Speaking on The Fan 590 radio Wednesday night, with his team in its best position to challenge for a berth since he arrived, the general manager said just qualifying for the first time in six years was not good enough.
“I’m not interested in getting our asses kicked in the first round,” he said. “I’m not paid just to get in the playoffs. We could have got in last year if we’d traded our kids for a couple of 30-year-olds.
“I want to get in with a reasonable chance to (advance deep) or bloody someone’s nose while doing it. I think we’ll be able to do something (trade-wise).”
Burke is being a little presumptuous, with the Leafs still having 40 games to go and sitting just five points from ninth place on Wednesday afternoon. But with a four-game win streak, five overall at home, a hot goalie and a favourable schedule the rest of this month, he’s ready to make his move.
“We’re a little small up front and we don’t have much playoff experience,” he noted. “If the playoffs started tomorrow, I would still like our chances. (But) we are looking to add and get better now.”
The trade he’s hinting at for a big centre or winger could come very soon, as he traditionally eschews the rush at the NHL deadline (Feb. 27 this year).
“I’m a January guy,” he reminded “I set my price and try and let my team play through the deadine (without worrying about trades). The math doesn’t work at the deadline when 24 teams are buying. There can only be one (Stanley Cup) parade.”
Burke said the cost could very well be one or more of the young assets in the system or even this year’s first or second rounder.
“I’d say ‘where’s the phone?’,” Burke said of the often risky venture of losing high picks. “They (fans) can live with a gamble.”
Burke didn’t dispute that he’s in a favourable spot for the first time in 3 1/2 years because his goaltending has finally stabilized, and not in the way he and his huge staff of advisors envisioned.
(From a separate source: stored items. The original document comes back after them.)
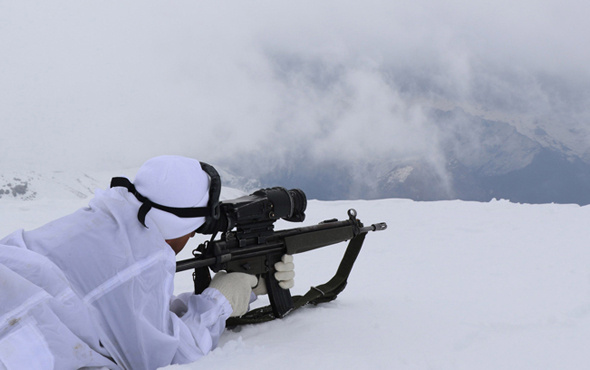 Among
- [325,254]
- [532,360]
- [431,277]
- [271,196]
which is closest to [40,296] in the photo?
[271,196]

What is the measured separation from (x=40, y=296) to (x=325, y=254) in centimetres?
439

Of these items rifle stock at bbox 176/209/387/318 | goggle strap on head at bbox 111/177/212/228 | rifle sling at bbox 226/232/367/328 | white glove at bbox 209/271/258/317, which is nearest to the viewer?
goggle strap on head at bbox 111/177/212/228

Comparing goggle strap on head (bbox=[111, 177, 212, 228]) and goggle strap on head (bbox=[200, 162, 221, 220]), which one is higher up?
goggle strap on head (bbox=[200, 162, 221, 220])

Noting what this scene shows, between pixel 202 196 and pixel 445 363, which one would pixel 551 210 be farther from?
pixel 202 196

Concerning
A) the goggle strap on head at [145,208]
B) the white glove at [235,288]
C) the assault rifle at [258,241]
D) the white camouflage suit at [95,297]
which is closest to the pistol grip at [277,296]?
the assault rifle at [258,241]

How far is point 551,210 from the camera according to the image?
7602 millimetres

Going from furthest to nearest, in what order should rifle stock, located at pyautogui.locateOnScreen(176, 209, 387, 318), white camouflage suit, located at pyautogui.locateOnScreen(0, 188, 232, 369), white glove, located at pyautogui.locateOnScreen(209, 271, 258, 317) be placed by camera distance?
1. rifle stock, located at pyautogui.locateOnScreen(176, 209, 387, 318)
2. white glove, located at pyautogui.locateOnScreen(209, 271, 258, 317)
3. white camouflage suit, located at pyautogui.locateOnScreen(0, 188, 232, 369)

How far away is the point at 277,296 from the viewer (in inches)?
120

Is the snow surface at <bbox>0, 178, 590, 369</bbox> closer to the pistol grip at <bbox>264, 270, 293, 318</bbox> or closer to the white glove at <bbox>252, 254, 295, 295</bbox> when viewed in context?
the pistol grip at <bbox>264, 270, 293, 318</bbox>

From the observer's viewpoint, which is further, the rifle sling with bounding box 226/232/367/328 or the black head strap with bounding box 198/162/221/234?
the rifle sling with bounding box 226/232/367/328

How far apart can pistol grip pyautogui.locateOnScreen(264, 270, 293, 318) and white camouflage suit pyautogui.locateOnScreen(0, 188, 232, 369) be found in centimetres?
69

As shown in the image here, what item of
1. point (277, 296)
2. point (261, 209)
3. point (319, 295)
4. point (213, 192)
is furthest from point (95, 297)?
point (319, 295)

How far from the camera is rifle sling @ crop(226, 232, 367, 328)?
2.96m

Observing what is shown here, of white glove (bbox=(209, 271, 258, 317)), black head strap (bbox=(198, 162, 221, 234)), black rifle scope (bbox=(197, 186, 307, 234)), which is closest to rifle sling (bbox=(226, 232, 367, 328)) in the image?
white glove (bbox=(209, 271, 258, 317)) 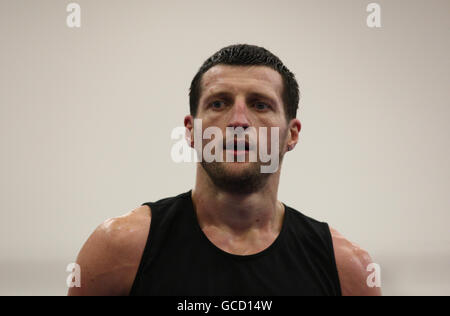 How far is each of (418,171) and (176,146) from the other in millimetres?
1224

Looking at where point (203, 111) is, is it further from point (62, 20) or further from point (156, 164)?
point (62, 20)

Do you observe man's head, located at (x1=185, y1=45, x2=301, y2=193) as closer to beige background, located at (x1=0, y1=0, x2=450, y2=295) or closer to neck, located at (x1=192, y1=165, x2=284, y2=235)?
neck, located at (x1=192, y1=165, x2=284, y2=235)

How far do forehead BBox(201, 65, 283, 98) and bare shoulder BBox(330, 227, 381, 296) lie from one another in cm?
38

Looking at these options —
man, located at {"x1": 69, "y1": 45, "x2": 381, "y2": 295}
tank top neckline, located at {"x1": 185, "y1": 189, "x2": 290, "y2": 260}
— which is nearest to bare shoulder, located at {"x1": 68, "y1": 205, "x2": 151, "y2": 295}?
man, located at {"x1": 69, "y1": 45, "x2": 381, "y2": 295}

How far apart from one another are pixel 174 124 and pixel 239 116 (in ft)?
3.62

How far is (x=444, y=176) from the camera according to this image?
6.20ft

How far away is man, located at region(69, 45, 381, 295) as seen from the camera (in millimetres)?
741

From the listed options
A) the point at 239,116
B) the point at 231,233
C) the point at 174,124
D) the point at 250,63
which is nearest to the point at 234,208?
the point at 231,233

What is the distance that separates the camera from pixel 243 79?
804mm

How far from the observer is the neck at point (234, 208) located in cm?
82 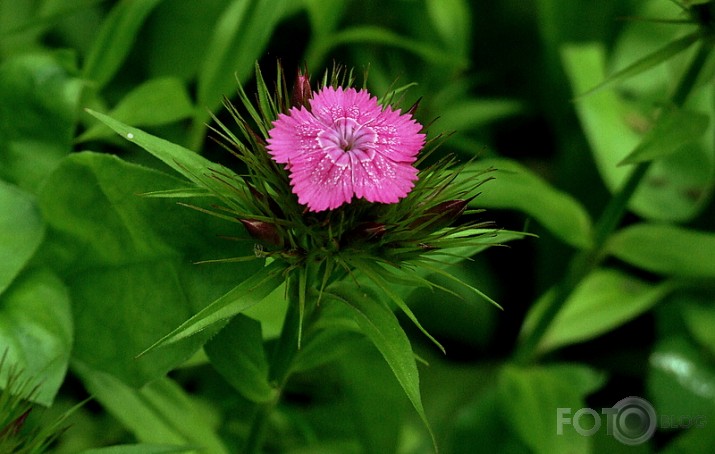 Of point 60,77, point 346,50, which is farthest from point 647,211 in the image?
point 60,77

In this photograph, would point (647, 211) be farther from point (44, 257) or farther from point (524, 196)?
point (44, 257)

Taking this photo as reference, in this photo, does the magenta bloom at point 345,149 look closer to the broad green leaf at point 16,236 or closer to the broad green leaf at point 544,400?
the broad green leaf at point 16,236

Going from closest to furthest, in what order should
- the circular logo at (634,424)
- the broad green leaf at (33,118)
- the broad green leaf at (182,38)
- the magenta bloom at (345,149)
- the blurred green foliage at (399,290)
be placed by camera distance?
the magenta bloom at (345,149)
the blurred green foliage at (399,290)
the broad green leaf at (33,118)
the circular logo at (634,424)
the broad green leaf at (182,38)

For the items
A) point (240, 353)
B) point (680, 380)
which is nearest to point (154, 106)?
point (240, 353)

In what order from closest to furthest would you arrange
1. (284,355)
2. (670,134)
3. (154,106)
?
(284,355) < (670,134) < (154,106)

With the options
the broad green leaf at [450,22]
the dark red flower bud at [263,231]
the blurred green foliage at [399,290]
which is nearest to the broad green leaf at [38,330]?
the blurred green foliage at [399,290]

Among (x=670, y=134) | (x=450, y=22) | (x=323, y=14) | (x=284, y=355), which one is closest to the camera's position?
(x=284, y=355)

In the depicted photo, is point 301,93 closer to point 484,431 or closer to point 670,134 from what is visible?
point 670,134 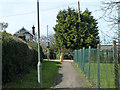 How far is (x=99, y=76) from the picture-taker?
779 cm

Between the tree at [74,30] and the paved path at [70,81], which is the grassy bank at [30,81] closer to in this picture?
the paved path at [70,81]

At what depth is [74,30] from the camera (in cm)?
3666

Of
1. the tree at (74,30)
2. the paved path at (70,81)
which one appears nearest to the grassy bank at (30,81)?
the paved path at (70,81)

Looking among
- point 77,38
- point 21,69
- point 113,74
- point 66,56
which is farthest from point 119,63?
point 66,56

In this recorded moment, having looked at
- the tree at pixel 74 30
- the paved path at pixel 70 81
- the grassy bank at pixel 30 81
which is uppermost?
the tree at pixel 74 30

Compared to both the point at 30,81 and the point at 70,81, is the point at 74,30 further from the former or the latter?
the point at 30,81

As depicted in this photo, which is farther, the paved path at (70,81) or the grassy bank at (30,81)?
the paved path at (70,81)

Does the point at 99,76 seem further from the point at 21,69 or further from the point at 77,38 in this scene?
the point at 77,38

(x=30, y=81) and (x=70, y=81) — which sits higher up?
(x=30, y=81)

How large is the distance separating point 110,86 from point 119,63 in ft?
3.37

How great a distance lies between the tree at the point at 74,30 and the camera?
36250mm

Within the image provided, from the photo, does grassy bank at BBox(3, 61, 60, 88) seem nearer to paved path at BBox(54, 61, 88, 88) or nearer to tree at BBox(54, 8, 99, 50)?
paved path at BBox(54, 61, 88, 88)

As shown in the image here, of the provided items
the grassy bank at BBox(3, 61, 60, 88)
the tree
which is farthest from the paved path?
the tree

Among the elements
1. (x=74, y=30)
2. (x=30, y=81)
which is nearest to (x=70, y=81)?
(x=30, y=81)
Jonas Gustavsson was third on the depth chart at one point, then passed both the injured James Reimer and farmhand Ben Scrivens.
“I told Jonas ‘you saved our ass this season. You’re the reason we didn’t crumble to dust. I never counted on him, but I never discounted him.”
Commenting on some of the Leafs who may or may not be with the big team when the playoff crunch comes, Burke said defenceman Jake Gardiner will go back in the lineup or down to the Marlies in the next few days.
“I’ve told Ron Wilson he won’t go in the pressbox for a prolongued length of time,” Burke said.
The creative Nazem Kadri is “so far, so good”, but Burke is keeping a wary eye on the turnovers the former first rounder commits, including a couple in Tuesday’s win over Buffalo.
“There’s a risk factor,” Burke said, “and if he keeps that in his game ...”
If Burke is retained by MLSE’s new owners, Rogers and Bell, he says he wants to stay as president and GM for a long time and work for the company in a lesser capacity in is sunset yaers. He revealed at least two teams in search of a new GM had approached him in 2011 about releasing senior vice-president of hockey operations David Nonis. But Burke said Nonis is content here and has no summer window, unlike vice-president Dave Poulin, assistant GM Claude Loiselle and player personnel director Rick Dudley.
“If (they leave for other teams) you still have an ally for life, someone you can converse with and make trades,” Burke said.